··· Data supplied

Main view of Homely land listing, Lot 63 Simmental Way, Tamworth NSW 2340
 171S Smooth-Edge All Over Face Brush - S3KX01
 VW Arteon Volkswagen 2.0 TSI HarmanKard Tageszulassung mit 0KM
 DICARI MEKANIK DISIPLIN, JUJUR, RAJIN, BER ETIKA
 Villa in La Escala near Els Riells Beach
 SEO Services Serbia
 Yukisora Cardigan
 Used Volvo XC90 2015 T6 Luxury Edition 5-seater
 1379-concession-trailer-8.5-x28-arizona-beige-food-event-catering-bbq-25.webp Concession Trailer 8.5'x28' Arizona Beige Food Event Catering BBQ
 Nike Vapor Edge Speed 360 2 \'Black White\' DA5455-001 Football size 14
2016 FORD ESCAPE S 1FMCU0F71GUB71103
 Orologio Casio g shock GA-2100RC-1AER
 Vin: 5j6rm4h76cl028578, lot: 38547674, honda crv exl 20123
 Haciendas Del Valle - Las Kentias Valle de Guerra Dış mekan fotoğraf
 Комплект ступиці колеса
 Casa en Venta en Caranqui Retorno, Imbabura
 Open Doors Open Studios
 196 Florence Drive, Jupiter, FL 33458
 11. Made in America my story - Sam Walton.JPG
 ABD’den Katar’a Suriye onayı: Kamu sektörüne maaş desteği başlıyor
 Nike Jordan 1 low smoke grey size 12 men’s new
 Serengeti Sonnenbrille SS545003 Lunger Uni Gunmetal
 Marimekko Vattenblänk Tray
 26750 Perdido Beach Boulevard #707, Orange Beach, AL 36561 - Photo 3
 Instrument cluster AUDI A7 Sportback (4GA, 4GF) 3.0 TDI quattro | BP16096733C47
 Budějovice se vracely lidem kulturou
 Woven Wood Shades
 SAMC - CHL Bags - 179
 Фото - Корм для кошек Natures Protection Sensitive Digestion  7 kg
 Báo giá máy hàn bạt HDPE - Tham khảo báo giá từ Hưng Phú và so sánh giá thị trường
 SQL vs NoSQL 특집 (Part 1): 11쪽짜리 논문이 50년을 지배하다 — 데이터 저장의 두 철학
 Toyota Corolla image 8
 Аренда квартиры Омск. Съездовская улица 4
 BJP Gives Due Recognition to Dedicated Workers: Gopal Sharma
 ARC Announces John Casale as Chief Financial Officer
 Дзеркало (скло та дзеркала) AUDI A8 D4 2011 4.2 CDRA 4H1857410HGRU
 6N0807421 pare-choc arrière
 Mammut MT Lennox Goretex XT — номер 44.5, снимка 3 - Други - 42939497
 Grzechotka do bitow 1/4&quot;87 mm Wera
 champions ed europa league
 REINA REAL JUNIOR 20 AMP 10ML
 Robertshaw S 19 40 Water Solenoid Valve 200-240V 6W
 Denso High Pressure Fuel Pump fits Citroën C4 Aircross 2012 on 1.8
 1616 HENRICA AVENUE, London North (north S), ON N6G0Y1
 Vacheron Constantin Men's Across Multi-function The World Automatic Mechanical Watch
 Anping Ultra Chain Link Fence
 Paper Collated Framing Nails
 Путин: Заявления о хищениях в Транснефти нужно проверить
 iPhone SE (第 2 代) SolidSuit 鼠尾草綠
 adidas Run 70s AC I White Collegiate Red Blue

······

### Aim of the task
With the line containing "SQL vs NoSQL" as the start, transcribe each line through the end of the listing above, exactly and only.

### Response
 SQL vs NoSQL 특집 (Part 1): 11쪽짜리 논문이 50년을 지배하다 — 데이터 저장의 두 철학
 Toyota Corolla image 8
 Аренда квартиры Омск. Съездовская улица 4
 BJP Gives Due Recognition to Dedicated Workers: Gopal Sharma
 ARC Announces John Casale as Chief Financial Officer
 Дзеркало (скло та дзеркала) AUDI A8 D4 2011 4.2 CDRA 4H1857410HGRU
 6N0807421 pare-choc arrière
 Mammut MT Lennox Goretex XT — номер 44.5, снимка 3 - Други - 42939497
 Grzechotka do bitow 1/4&quot;87 mm Wera
 champions ed europa league
 REINA REAL JUNIOR 20 AMP 10ML
 Robertshaw S 19 40 Water Solenoid Valve 200-240V 6W
 Denso High Pressure Fuel Pump fits Citroën C4 Aircross 2012 on 1.8
 1616 HENRICA AVENUE, London North (north S), ON N6G0Y1
 Vacheron Constantin Men's Across Multi-function The World Automatic Mechanical Watch
 Anping Ultra Chain Link Fence
 Paper Collated Framing Nails
 Путин: Заявления о хищениях в Транснефти нужно проверить
 iPhone SE (第 2 代) SolidSuit 鼠尾草綠
 adidas Run 70s AC I White Collegiate Red Blue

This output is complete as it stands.